Thursday, April 24, 2014

Dos and Donts of Ancient Egypt

Do bring a student ID card - you get discounts at almost every site.  It doesn't matter that neither Josh nor I are students any longer, and in fact I don't even have a student ID.  I used my Washington DC public library card and they gave me the discount.

Don't use large denomination bills.  Taxi drivers and such won't give you correct change, and will keep the remainder as "baksheesh."  You'll also need small coins to tip the guards and stray kids at museums who will otherwise not let you through or may pester you relentlessly.

Do let the little kids that are asking for money have some fun with you.  They have good senses of humor when you ask them their name.  Josh and I ask them for help (where is the closest ATM?  Can you sing a song for us?) before giving them any sort of tip.  They like having a job.

Don't go it alone.  When you are visiting these places with a local, the hasslers will approach them first and far less frequently.  But if you go alone, you will be targeted.  They will tell you the pyramids are closed, or that they can let you in for a fee, or find a way to climb, or that it is too far to walk, until you don't know what to believe and end up buying whatever it is they are selling.

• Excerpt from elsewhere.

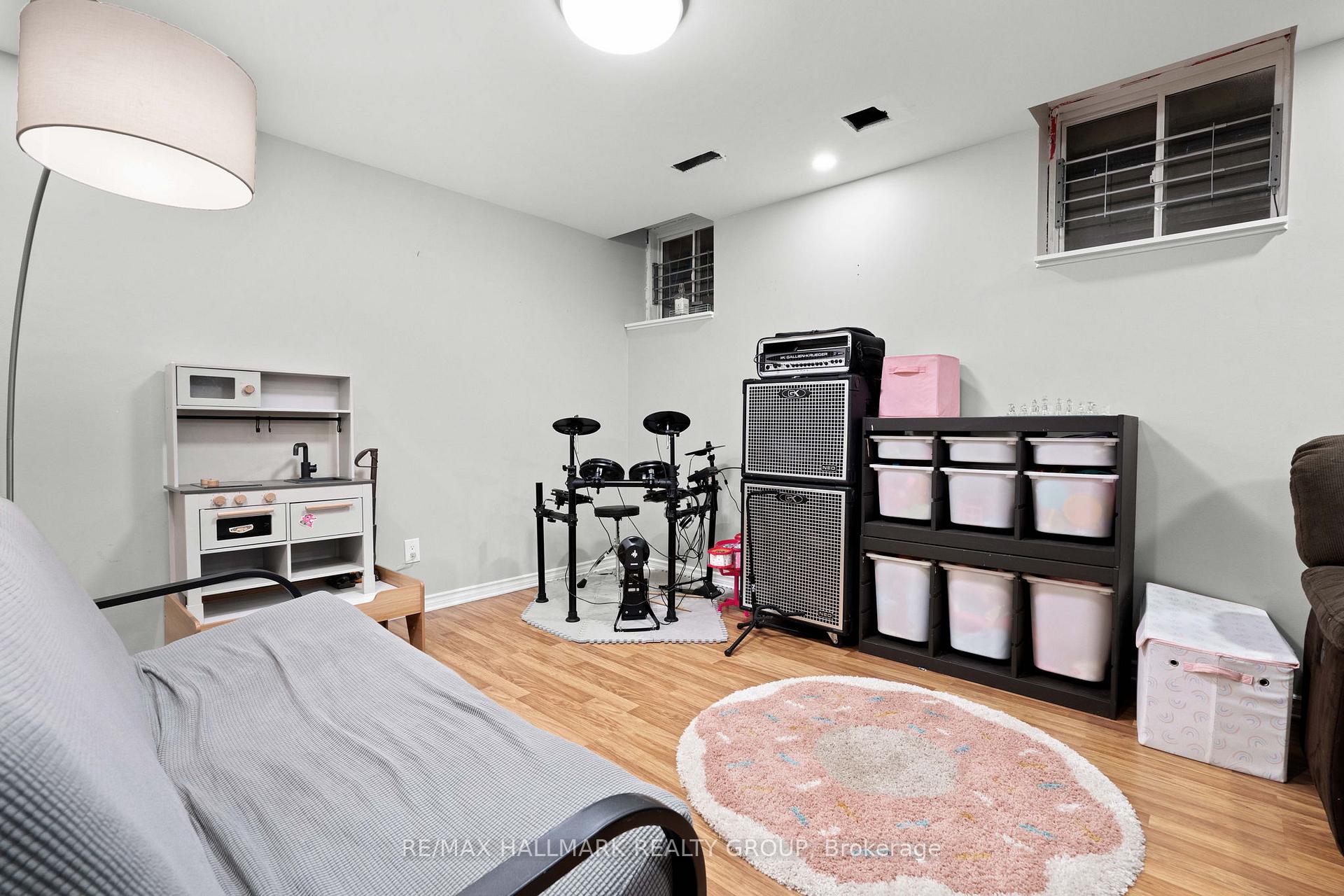 Photo 29 of 115 Sunshine Crescent, Ottawa, Notting Hill/Summerside — HOMEH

Do visit the temples that you have never heard of.  The pyramids at Giza and temple of Luxor were far less interesting than Medinat Habu, the latter being a funerary temple for Ramses III.  So many of the bigger ones are in bad shape or riddled with tourists and obnoxiousness, and their contents are in Museums anyway (which may be better to visit).  But we went to Medinat Habu on the West Bank of Luxor, which was basically empty, had tons and tons of detailed hieroglyphics and statues, and felt hallowed.  It is not far from the Valley of the Kings which we skipped.

Don't ride the horses at the pyramids.  That is the best way to be captive to your horse owner, and to have a sore butt while not being able to concentrate on the pyramids at all, since you are spending all your effort just to steer and avoid minibus traffic.

Do take time to wander the streets and see stuff that is not really historic, but living and local.  We ran across an alley with a canopy of festive LED garlands and rope tassles and flowers, where children were playing and horses were having lunch.  We also went shopping for pants and found the Facebook store, which sells nothing you'd expect.

Don't eat the Luxor street cheese.  'Nuff said.